Now finally I have edited Line 58 on the wiki history -regarding same sex offences and the punishment. I edited and clarified this part to convey the message that same sex ofeences fall under section 377 and entrails punishment even if the act is consensual. Hence,forced sex between same sex members would also be punishable(obviously in a such a scenario, the offender alone would be punished). The previous wiki page (before my editing) seemed to convey that "forced sex" alone is punishable if the partners are of the same sex. That is incorrect-hence the edit. Also I pointed out a weird scenario in which, if a man forces a woman to have sex with another woman-that too could fall under the defintion of rape with the man being considered as the offender. This interpretation is just an interpretation, but its implicit in the 2013 Act. This being an interpretation may be deleted.....but my suggestion is to let it be, because it lends clarity to the existing laws.
Finally the issue of rape upon children is covered by "THE PROTECTION OF CHILDREN FROM SEXUAL OFFENCES ACT, 2012"
You can add this apsect yourself in the article...I didn't do it, because I can't decide the appropriate place to do this .
One another thing....its regarding this link:
http://ncw.nic.in/PDFFiles/Amendments%20to%20laws%20relating%20to%20women.pdf
It is a reference from the wiki page itself.....In that reference its mentioned as a 204 article.....but the actualpdf file has no date....its taken presumably from the NCW's website.....but there also there is no date. I think its an amalgm of all current existing laws. ie 375 PLUS child sexual offences law. — Preceding unsigned comment added by Casey577 ( talk • contribs) 04:20, 8 May 2015 (UTC)
@RLoutfly @OccultZone
Plz explain to me why u guys deleted my edits.
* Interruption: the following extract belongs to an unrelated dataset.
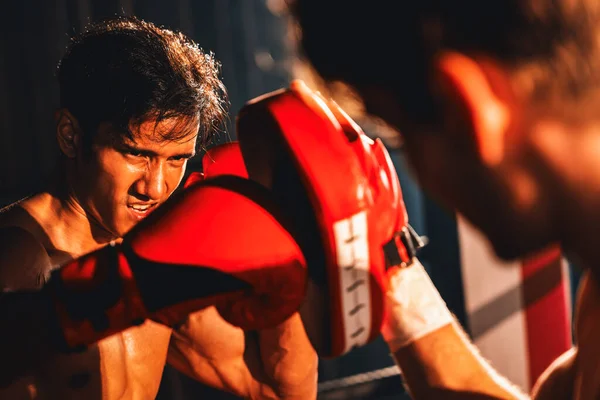 Boxeador Asiático Caucásico Muay Thai Desata Ponche Feroz Sesión Entrenamiento — Foto de Stock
Let me summarize my edits for which u guys showed objection: 1)About older law being purely related to peno-vaginal sex alone 2)Again another issue related to the older law--ie Rape being an act that can be committed only by a man against a woman
These two points are explained by these links: http://www.legalserviceindia.com/articles/rape_laws.htm http://indiankanoon.org/doc/1103956/ The wiki article says " Before 3 February 2013...A person is said to commit "rape"" This aspect of the article implies that a "person" (gender neutral) can commit rape.....thats incorrect....only a man can commit rape and that too only against a woman.....this is clarified in the above link (more easily found with the legalserviceindia website link). I must also add the wiki article is confusing to say the least. You quote references which actually says otherwise. For eg u quote section 375 and uses the term "a person" instead of "a man".....which changes the meaning altogether
Also plz understand the actual laws do not talk of "a person" its always "a man". i thereby accuse that the wiki wirters have quoted the correct references and then used words conveying wrong meanings ("a paerson" instead of "a man" for eg). The original articles aren't there anymore on the net because they have been ammended. However the articles are quoted in the links i have provide; including the supreme court judgement.
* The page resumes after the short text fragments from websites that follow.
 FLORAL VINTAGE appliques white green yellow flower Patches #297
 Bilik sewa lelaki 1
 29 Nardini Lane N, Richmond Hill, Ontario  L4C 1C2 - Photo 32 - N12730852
3)Section 377 being not restricted to forced sex between same sex couples. I wish to clarify that section 377 does not refer to forced sex alone. even consensual sex is a crime under section 377. The current wiki article says that " Forced sexual acts between members of the same sex remains a crime under Section 377 of Indian penal code". This is not correct at all. Here is section 377
http://indiankanoon.org/doc/1836974/ or this
Gaur, KD (2009). Textbook on the Indian Penal Code. Universal Law Pub. p. 684. ISBN 9788175347038.
The relevant pages of the book is available in google books preview and it is this book that is quoted in the wiki page. I don't understand...I am standing so much scrutiny (that too being correct), then how did someone saying "Forced sexual acts between members of the same sex......' was left uncorrected. The "forced" part is the conjecture. The actual act refers to only carnal act....meaning consensual sex is also a crime. Now read the references and edit the wiki page adequately without conveying wrong notions
I will wait for sometime for people to correct these errors otheriwse I will do it myself. If anybody has any objection....plz do a research or atleast ask me !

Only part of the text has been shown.